火山対策(監修:小山真人 静岡大学教授)
1.火山の防災対策は無意味?

1989年に静岡県伊東市の沖合で生じた伊豆東部火山群の海底噴火の瞬間を捉えた映像
(海上保安庁提供)


 火山の平均的な噴火間隔は風水害や地震など他の災害に比べて一般に長いため、数十年どころか数百年に一度程度しか噴火しない火山も、ごく普通に存在します。このような稀な災害に備えることは、時間や費用の無駄と考える方がいらっしゃるかもしれません。

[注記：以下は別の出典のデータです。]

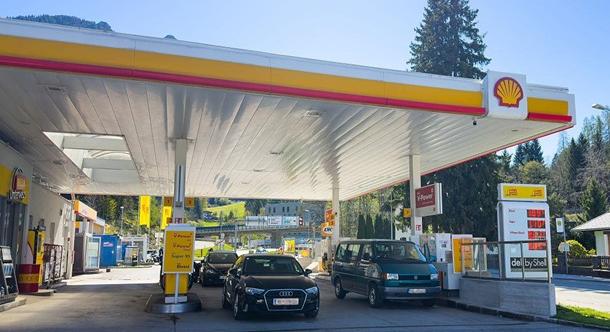 Az európai kőolajóriások 4,7 milliárd dollárt kerestek az iráni háború közepette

 しかしながら、将来噴火する可能性を秘めた日本の活火山の数は111もあるため、ひとつの火山でみれば稀な噴火であっても、日本全体で見れば数年~十数年に一度はどこかの火山が噴火したり、噴火しそうになるといった状況が繰り返されています。

2000年三宅島噴火によって、およそ2500年ぶりに生じた山頂カルデラ(アジア航測株式会社提供)


 たとえば、1989年には伊豆東部火山群がおよそ2700年ぶりの噴火を起こしました。また、2000年に起きた三宅島噴火では、およそ2500年ぶりという山頂のカルデラ陥没とそれに続く大量の火山ガス放出が生じたため、2005年2月までの4年5ヶ月もの間、住民に対する避難指示は解除されませんでした。



活火山
将来噴火するポテンシャルを秘めた火山のこと。日本では、火山噴火予知連絡会によって、概ね過去1万年以内に噴火した火山及び現在活発な噴気活動のある火山が活火山と定義されている。